Cécile Louise Stéphanie Chaminade ( born August 8, 1857 in Paris, † April 13, 1944 in Monte Carlo ) was a French composer and pianist.

Life and work

Cécile Chaminade was born at the foot of Montmartre and came from a family of officers and sailors. Among her ancestors there is also a French priest William Joseph Chaminade, the 1817 founded the Congregation of the Marianists. Cécile Chaminade was initially from her mother taught ( an excellent pianist ), then by Félix Le Couppey ( Piano), Augustin Savart, Martin Pierre Joseph Marsick and Benjamin Godard, but only unofficially, for her father - director of an insurance company - disapproved of her musical education.

Your first attempts at composition date already from very early times, and at the age of 8 years she played Georges Bizet, the composer of Carmen, his own works, which was very impressed by her talent. At the age of 18 she gave her first concert, and from that time became her work as a composer increasing popularity. She wrote mostly character pieces for piano and parlor songs, almost all were also published. 1882 their one-act comic opera La Sévillane op 10 was premiered.

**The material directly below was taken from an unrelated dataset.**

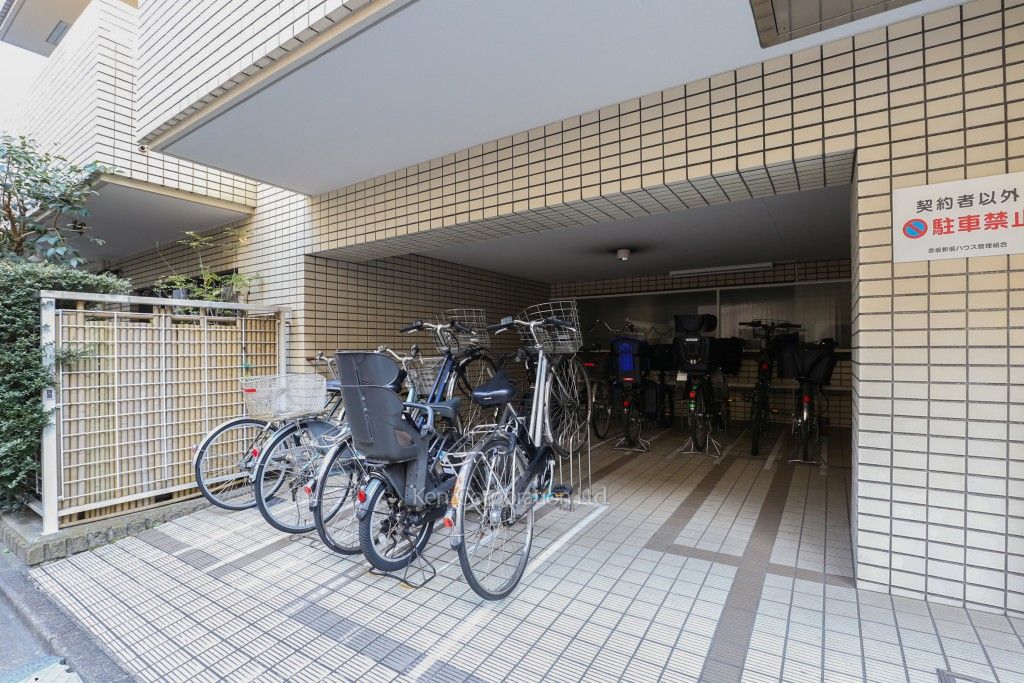 赤坂新坂ハウスの写真 駐輪場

In the earlier years, Chaminade undertook several concert tours through France, Switzerland, Belgium and Holland. In 1892 she made her debut in England, which they subsequently toured several times. Her work was very popular there. Queen Victoria invited her to spend some time at Windsor Castle.

Chaminade married in 1901 a twenty- year-older music publisher from Marseilles, Louis -Mathieu Carbonel; because of his advanced age was rumored that it was purely a marriage of convenience. He died in 1907, and Chaminade not remarried.

Further concert tours have taken her to Greece, Turkey, Canada and 1908 in the U.S., where her numerous admirers prepared a warm welcome. Her compositions have been extremely successful in the American audience, and pieces like the scarf dance or ballet No. 1 were an integral part of the central library of all cultured lovers of piano music. She composed a Concerto, Op 40 for piano and orchestra, a ballet music to Callirhoé and other orchestral works, including the large-scale symphony lyrique Les Amazones for choir and orchestra. Her songs, such as The Silver Ring and Ritournelle were also popular. Ambroise Thomas, the famous French composer and writer, said of Chaminade: "This is not composing a woman, but a composer who is a woman. "

In 1913 she was the first female composer member of the Legion of Honour. In 1914 she traveled again to England, where they again celebrated triumphs. After the beginning of World War I, at the age of 57 years, she took over the management of a hospital. Before and after World War II Chaminade recorded numerous piano rolls. With increasing age was due to illness - you had a foot amputated - the creative power back. In 1936 they located in Monte Carlo, where she died in 1944.

Chaminade came with her ​​piano pieces and songs in the second half of the 20th century, largely forgotten, only her Concertino for Flute and Orchestra, Op 107, which was in 1902 at the Paris Conservatory contest piece is played to date regularly. Their fair for soprano, alto and organ is still occasionally heard. In the last two decades, but has become clear what value their compositions, and a veritable Chaminade - Renaissance began.